At the bottom of the optical hierarchy rests the humble Semantic Editor Combinator (SEC) also known as a Setter, which denotes an isomorphism between sₓ and F(aₓ) for some Functor F. The types s and a are possibly parametrized which we indicate by a subscript x. The rest of the mainline optical hierarchy consists of various refinements of the class of functors being quantified over.

SEC::∃ F: Functor. sₓ ~ F(aₓ)
Traversal::∃ F: FinitaryContainer. sₓ ~ F(aₓ)
AffineTraversal::∃ c₀ c₁. sₓ ~ c₀ + c₁ × aₓ
Prism::∃ c₀ . sₓ ~ c₀ + aₓ
Lens::∃ c₁. sₓ ~ c₁ × aₓ
Iso::sₓ ~ aₓ

For lenses and prisms the functors are of the form (c₁×) and (c₀+) respectively for some residual type. At the top of the hierarchy we have ‘Iso’, where we are quantifying over only the Identity functor, so the existential appears to disappear.
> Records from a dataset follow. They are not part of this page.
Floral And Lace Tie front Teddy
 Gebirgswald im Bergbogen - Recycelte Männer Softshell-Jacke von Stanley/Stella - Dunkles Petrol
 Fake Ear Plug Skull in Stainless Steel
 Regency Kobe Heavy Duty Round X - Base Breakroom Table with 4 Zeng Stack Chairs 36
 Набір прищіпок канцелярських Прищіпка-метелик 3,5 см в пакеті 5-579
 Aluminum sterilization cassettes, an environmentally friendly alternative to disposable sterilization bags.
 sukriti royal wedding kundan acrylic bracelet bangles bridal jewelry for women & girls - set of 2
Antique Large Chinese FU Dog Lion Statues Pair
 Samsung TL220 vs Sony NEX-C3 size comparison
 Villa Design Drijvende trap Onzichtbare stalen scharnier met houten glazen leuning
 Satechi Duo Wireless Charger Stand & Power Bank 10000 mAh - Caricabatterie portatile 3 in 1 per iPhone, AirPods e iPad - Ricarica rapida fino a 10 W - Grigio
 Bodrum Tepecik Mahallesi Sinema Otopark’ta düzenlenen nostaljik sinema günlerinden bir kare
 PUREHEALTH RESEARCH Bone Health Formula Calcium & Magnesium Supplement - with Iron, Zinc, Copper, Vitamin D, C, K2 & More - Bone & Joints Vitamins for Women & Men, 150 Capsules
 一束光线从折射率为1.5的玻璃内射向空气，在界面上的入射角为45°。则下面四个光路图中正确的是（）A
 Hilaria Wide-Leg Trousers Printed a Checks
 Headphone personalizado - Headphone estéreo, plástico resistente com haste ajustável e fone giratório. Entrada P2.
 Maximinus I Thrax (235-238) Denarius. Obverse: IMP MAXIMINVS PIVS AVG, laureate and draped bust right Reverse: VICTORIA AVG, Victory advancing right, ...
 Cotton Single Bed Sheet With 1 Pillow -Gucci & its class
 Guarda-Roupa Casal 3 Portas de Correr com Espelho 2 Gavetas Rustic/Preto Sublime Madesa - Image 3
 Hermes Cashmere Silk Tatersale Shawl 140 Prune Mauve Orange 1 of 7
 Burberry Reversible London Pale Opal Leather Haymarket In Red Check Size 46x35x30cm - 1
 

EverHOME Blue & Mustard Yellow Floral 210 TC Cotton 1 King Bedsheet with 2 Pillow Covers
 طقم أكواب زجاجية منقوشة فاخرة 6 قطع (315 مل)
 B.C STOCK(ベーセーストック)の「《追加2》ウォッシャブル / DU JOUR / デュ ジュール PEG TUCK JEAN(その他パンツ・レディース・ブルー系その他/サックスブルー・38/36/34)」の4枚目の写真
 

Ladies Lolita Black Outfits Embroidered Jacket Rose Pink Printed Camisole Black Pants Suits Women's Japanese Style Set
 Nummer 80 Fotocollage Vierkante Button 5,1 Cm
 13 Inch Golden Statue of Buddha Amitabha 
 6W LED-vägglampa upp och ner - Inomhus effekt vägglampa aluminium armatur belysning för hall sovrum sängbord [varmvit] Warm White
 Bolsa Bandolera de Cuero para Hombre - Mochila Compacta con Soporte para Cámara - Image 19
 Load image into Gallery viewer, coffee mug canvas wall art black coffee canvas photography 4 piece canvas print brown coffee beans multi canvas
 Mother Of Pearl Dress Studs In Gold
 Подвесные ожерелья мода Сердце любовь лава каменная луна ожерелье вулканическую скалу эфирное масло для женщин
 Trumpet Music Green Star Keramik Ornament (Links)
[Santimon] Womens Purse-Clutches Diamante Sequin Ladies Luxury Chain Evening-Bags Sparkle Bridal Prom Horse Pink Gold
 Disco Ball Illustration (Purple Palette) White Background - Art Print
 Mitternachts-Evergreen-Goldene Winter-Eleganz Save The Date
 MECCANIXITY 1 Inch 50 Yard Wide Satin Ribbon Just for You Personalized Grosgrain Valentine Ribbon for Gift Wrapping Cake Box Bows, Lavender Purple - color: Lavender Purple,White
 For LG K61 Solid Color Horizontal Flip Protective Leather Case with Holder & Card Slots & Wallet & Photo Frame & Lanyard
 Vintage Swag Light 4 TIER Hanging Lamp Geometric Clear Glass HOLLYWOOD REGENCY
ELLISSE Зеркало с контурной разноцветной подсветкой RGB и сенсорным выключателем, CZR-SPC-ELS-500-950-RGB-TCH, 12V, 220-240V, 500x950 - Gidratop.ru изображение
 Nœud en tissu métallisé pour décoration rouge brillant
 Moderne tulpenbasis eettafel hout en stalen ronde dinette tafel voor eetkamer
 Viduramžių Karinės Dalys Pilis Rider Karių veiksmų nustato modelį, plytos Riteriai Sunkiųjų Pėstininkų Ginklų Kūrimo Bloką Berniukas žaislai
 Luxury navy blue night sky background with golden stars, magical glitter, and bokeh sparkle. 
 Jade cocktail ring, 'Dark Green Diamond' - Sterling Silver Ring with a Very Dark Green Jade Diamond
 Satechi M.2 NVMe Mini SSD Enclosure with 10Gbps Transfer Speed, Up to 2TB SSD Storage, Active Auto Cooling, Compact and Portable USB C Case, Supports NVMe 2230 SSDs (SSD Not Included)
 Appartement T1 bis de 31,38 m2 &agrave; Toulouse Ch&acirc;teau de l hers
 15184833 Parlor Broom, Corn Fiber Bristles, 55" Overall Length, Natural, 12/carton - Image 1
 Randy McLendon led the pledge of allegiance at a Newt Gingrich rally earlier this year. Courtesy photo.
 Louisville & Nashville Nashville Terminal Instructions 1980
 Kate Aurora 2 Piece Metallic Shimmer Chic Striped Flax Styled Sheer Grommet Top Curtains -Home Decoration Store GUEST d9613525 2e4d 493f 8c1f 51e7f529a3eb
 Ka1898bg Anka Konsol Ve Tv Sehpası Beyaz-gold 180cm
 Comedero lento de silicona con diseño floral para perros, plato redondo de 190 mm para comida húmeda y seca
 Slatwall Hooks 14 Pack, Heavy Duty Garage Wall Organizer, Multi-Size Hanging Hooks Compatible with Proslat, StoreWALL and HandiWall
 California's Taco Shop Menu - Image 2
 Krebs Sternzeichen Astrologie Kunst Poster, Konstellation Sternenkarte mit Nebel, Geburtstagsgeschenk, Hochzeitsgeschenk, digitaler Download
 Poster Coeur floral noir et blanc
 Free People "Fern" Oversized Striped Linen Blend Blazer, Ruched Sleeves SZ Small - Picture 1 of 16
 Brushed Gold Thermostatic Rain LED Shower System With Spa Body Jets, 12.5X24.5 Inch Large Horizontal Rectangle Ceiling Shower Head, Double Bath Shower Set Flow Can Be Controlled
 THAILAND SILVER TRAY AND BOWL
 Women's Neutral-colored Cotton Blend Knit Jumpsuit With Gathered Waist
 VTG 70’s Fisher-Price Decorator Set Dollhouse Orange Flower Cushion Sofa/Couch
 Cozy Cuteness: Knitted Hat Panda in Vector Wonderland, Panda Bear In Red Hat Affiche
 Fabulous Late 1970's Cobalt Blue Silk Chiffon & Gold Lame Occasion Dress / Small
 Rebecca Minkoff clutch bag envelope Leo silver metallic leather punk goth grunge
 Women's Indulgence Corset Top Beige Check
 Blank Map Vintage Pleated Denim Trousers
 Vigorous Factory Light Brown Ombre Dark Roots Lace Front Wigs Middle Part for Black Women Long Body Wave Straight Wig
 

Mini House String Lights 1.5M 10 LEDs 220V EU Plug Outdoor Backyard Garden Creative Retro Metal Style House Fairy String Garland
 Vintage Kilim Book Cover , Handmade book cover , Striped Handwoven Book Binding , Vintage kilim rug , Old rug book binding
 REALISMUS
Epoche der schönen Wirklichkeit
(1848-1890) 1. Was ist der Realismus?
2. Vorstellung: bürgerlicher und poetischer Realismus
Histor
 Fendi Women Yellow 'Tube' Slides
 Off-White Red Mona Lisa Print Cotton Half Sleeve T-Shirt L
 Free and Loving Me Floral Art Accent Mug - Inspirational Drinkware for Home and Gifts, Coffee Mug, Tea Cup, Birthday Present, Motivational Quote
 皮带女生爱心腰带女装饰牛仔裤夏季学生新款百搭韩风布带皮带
All these classes of functors are closed under composition, though I am not sure how important this fact is.

To build profunctor implementations of these optics, we add additional methods that allow profunctors to be lifted through these various classes of functors

> class Profunctor p where
>   dimap :: (a -> b) -> (c -> d) -> p b c -> p a d

> class Profunctor p => Strong p where
>   first :: p a b -> p (a, c) (b, c)
>   second :: p a b -> p (c, a) (c, b)
>   second = dimap swap swap . first
>    where
>     swap (a,b) = (b,a)

> class Profunctor p => Choice p where
>   left :: p a b -> p (Either a c) (Either b c)
>   right :: p a b -> p (Either c a) (Either c b)
>   right = dimap switch switch . left
>    where
>     switch (Left x) = Right x
>     switch (Right y) = Left y

> class (Choice p, Strong p) => Step p where
>   step ::  p a b -> p (Either c (a,d)) (Either c (b,d))
>   step = right . first

> class Step p => Walk p where
>   walk :: Traversable f => p a b -> p (f a) (f b)
A traversable functor is the same thing as a finitary container.
> class Walk p => Settable p where
>   mapping :: Functor f => p a b -> p (f a) (f b)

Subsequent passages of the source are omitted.